While I did have a lot of fun with New Dawn the main thing that continues to baffle me about it is why it was released as expandalone instead of direct DLC. The game has its ups and downs, but the majority of those ups are reliant entirely on having played Far Cry 5 before it. There’s nothing here to make me care about the characters as they are, I’d need to follow their story and grow attached to them through 5. Likewise, the map, beautiful as it is, doesn’t have any truly memorable spots unless you’ve seen them in their original glory. Even the game seems to understand that, since one of the longer running sidequests involves tracking down locations based on old photos.
Really, there’s a laundry list of minor issues I could go through when comparing New Dawn to Far Cry 5, and while none of them are deal-breakers on their own, they do stack up. Only having one companion at a time makes more of a difference than I would have imagined, but hearing three lines of dialogue over and over again is a far cry (I had to) from having 2 characters having a long discussion with each other and showing some sort of relationship as you travel. And while I’d agree that listening to Die Antwoord on loop is a sure sign of lunacy, it really doesn’t come close to the custom composed folks tunes of Eden’s Gate.

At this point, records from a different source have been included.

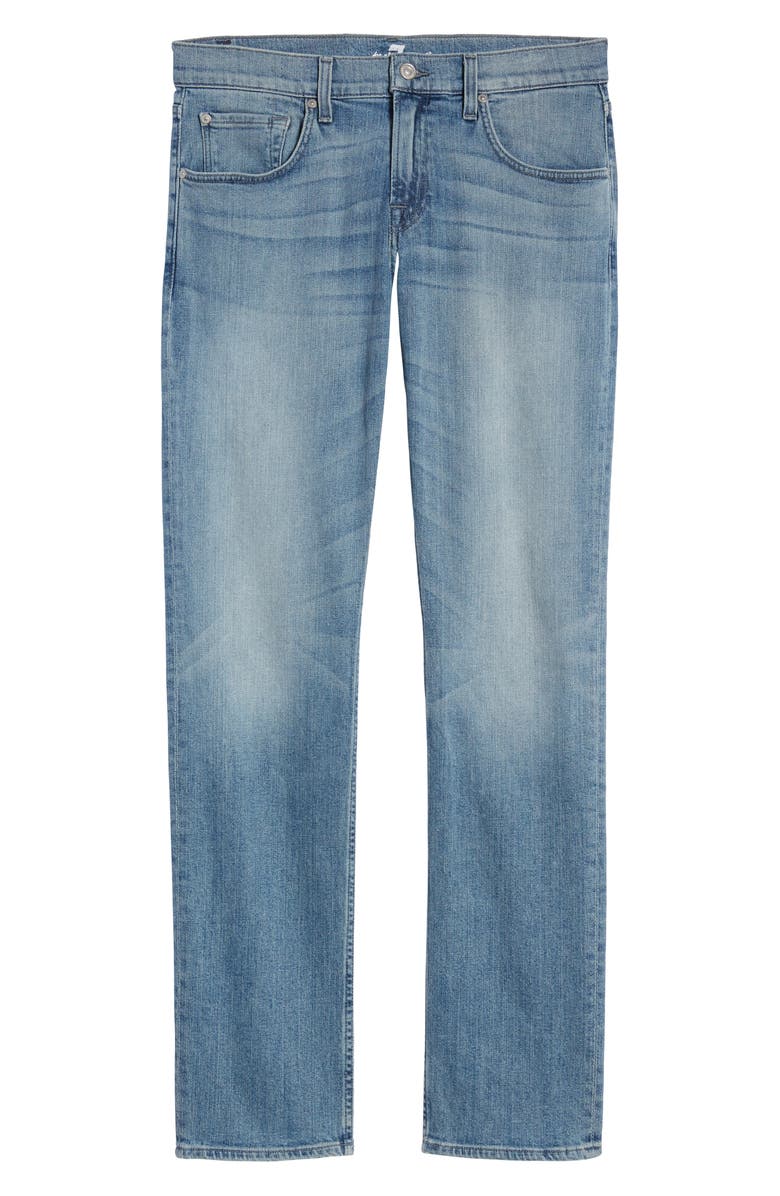 7 For All Mankind <sup>®</sup> Luxe Performance Slim Straight Leg Jeans, Alternate, color,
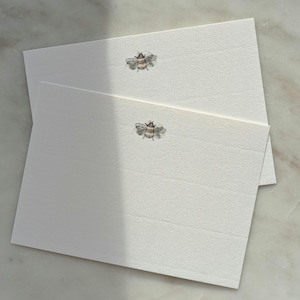 Bumble Bee Note Karten | A6 Thank You Notecard / Correspondence Cards | Packungen mit 15 Karten und Umschlägen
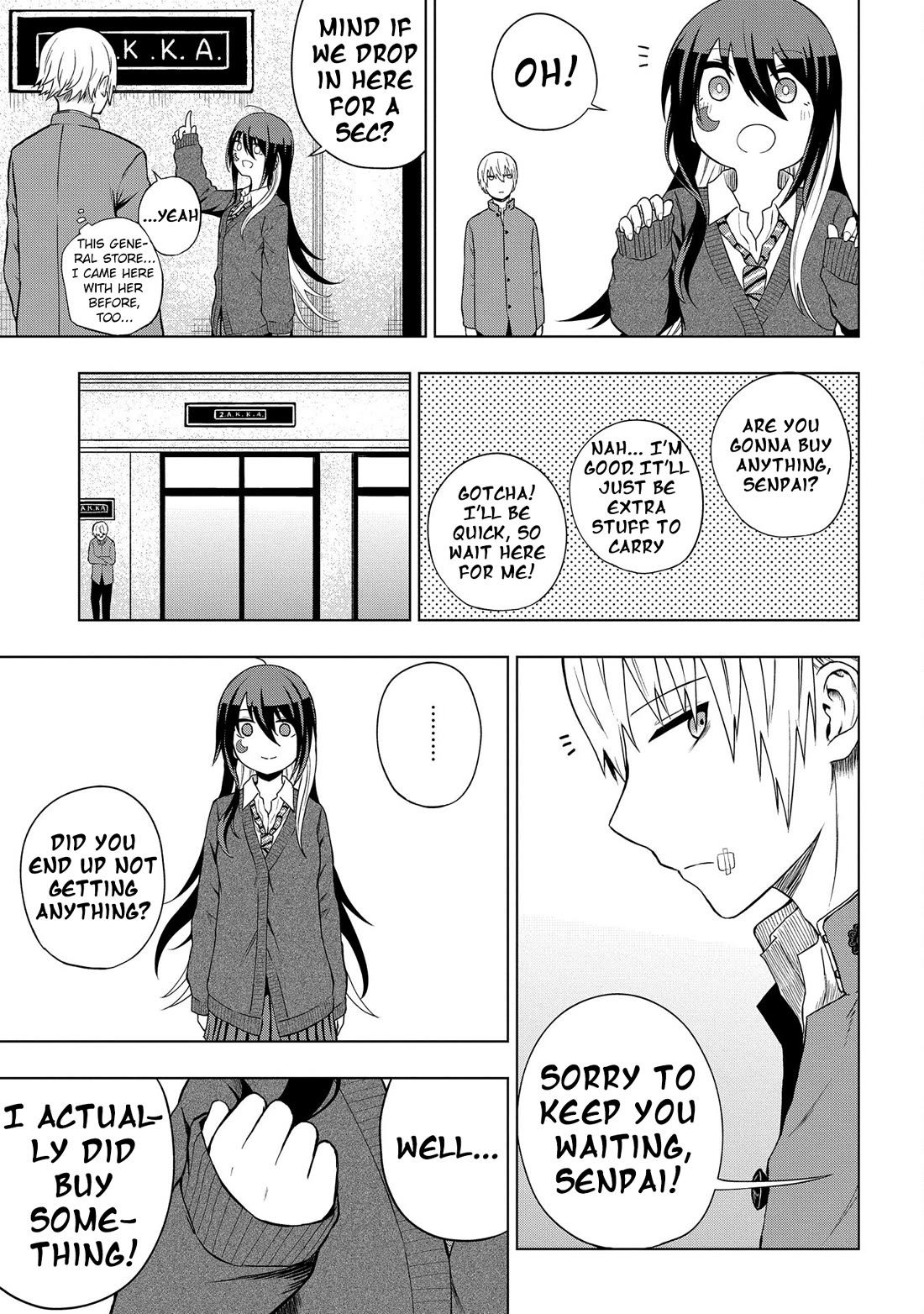 Klutzy, Gullible Nishiga Hachi Chapter 32 page 3 - Chapter 32: Just a Little Longer...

In the end, if you played Far Cry 5 to death and are hungry for more, then New Dawn is probably worth picking up to cyour hunger. If you haven’t, or weren’t really all that into 5 when you did play it, then this is hard to recommend. You’d be far better off spending a few euro more and picking up Far Cry 5 instead.
Room For Expansion
Although the game is solid, it feels like Far Cry New Dawn is more of an expansion than a fully standalone experience. It tweaks some gameplay mechanics, so if you are in need of more Far Cry, get it. If not buy it for in 6 months at a lower price.